About this exercise: In the entries below, begin at the line that has "Tasmania Fungi Season", stop after the line that has "Откуда берутся гусеницы", and output those lines exactly with no pictures.

*** Opening Dataset entries ***

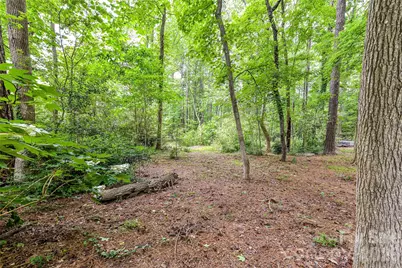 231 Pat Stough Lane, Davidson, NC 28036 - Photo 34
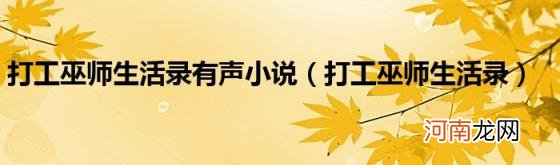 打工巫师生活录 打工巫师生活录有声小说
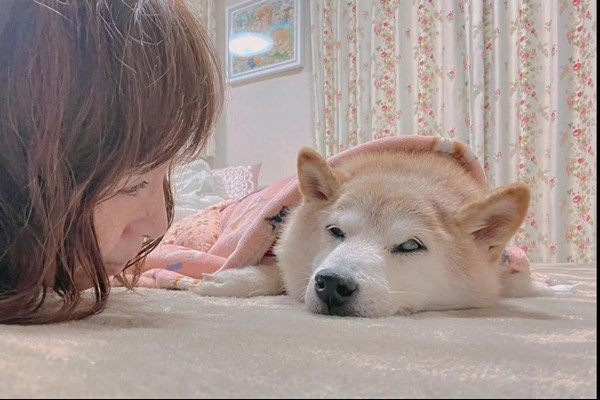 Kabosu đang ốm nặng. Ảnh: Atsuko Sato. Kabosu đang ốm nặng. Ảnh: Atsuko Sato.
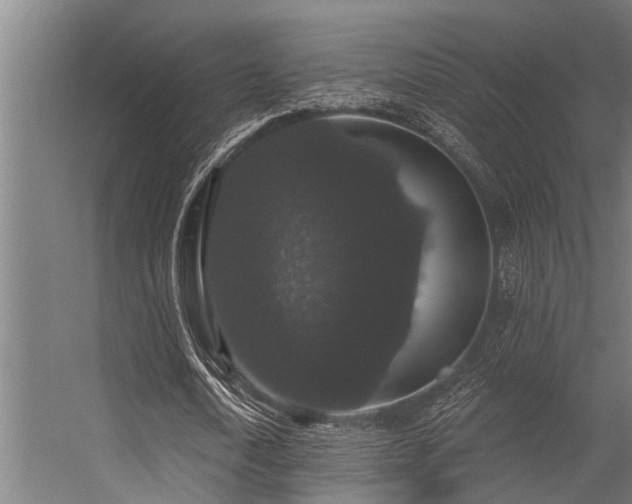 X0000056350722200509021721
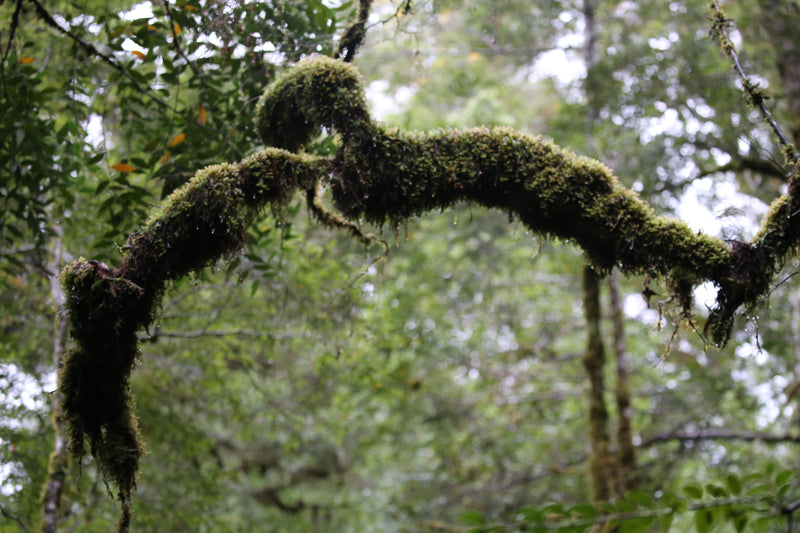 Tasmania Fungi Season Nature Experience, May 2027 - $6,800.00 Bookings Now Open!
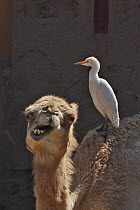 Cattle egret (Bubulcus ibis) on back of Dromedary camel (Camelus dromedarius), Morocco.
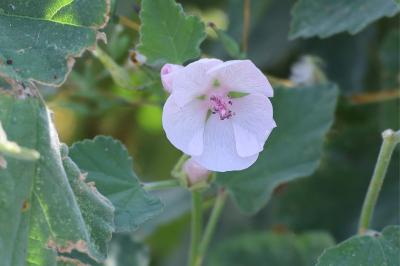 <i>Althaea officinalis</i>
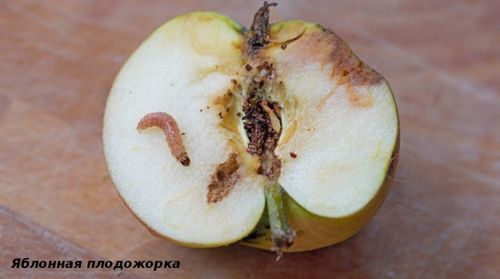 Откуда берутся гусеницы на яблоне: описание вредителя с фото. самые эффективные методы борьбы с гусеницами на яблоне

*** Closing Dataset entries ***
*** Opening Dataset entries ***

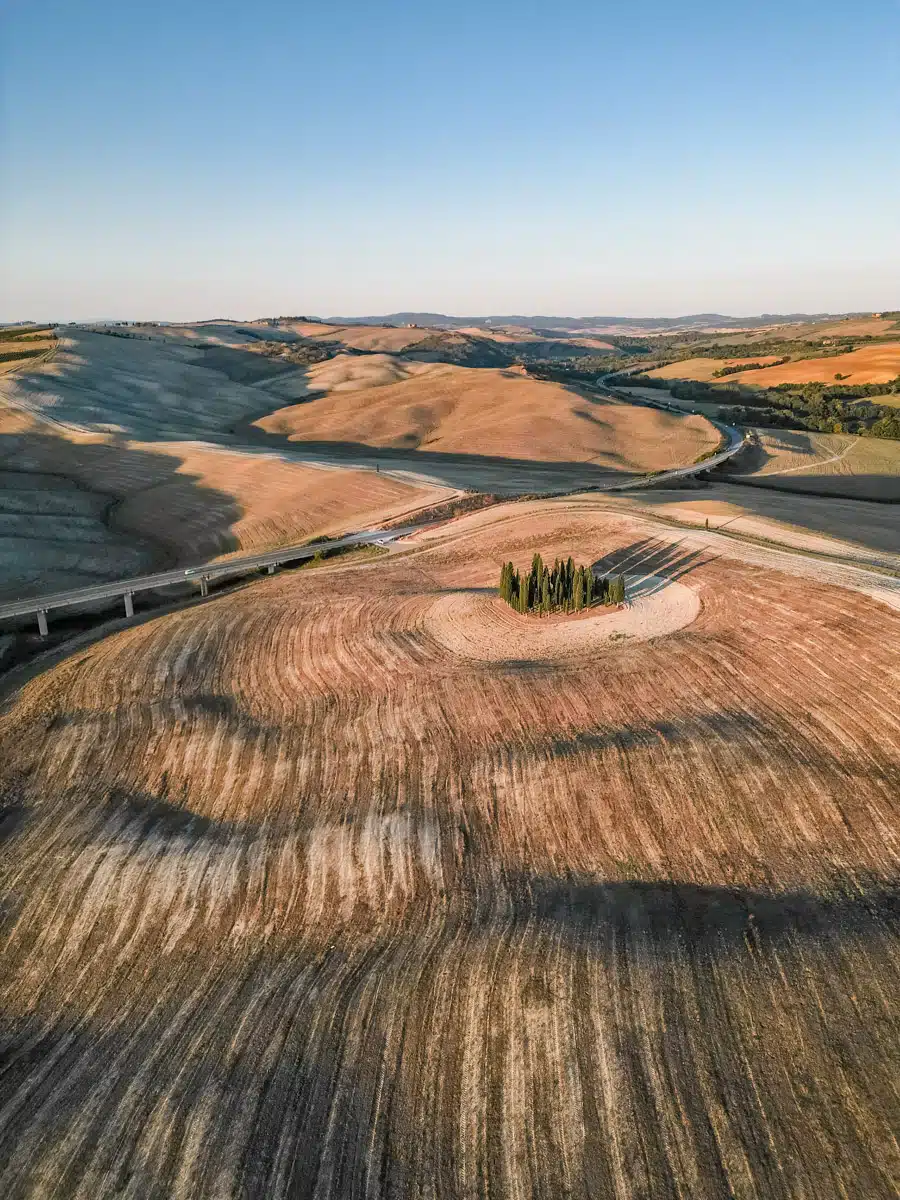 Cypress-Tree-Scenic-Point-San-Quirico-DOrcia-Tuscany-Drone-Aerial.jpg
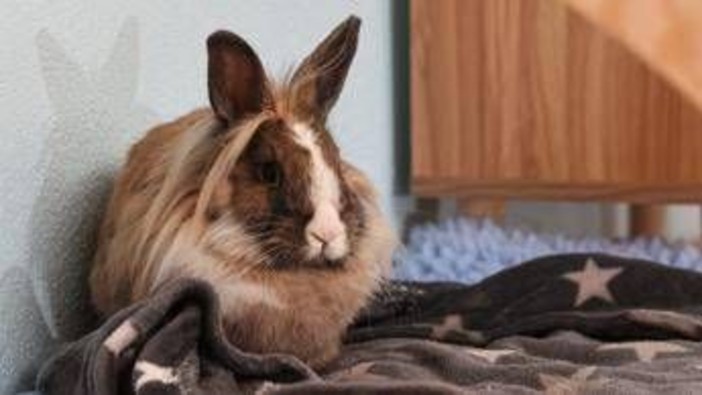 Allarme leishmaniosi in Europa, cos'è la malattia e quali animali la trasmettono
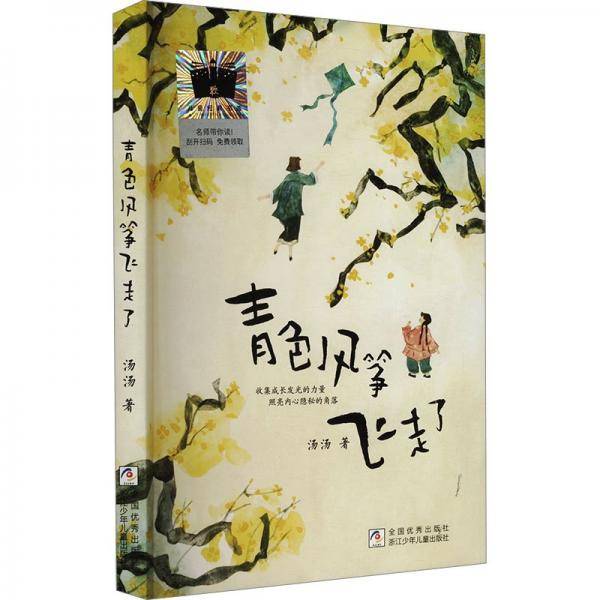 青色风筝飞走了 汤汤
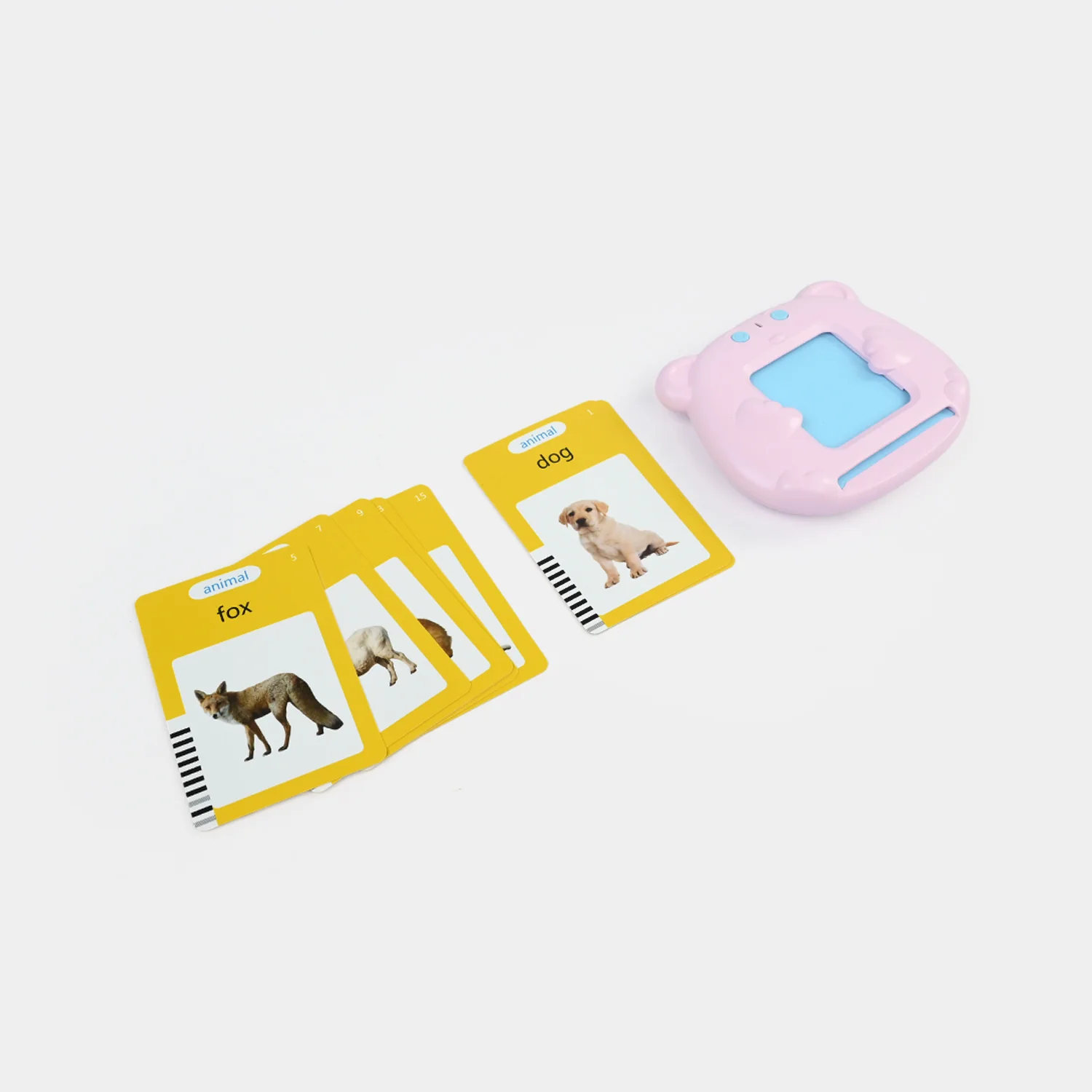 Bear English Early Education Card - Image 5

*** Closing Dataset entries ***

Result of the exercise:
 Tasmania Fungi Season Nature Experience, May 2027 - $6,800.00 Bookings Now Open!
 Cattle egret (Bubulcus ibis) on back of Dromedary camel (Camelus dromedarius), Morocco.
 <i>Althaea officinalis</i>
 Откуда берутся гусеницы на яблоне: описание вредителя с фото. самые эффективные методы борьбы с гусеницами на яблоне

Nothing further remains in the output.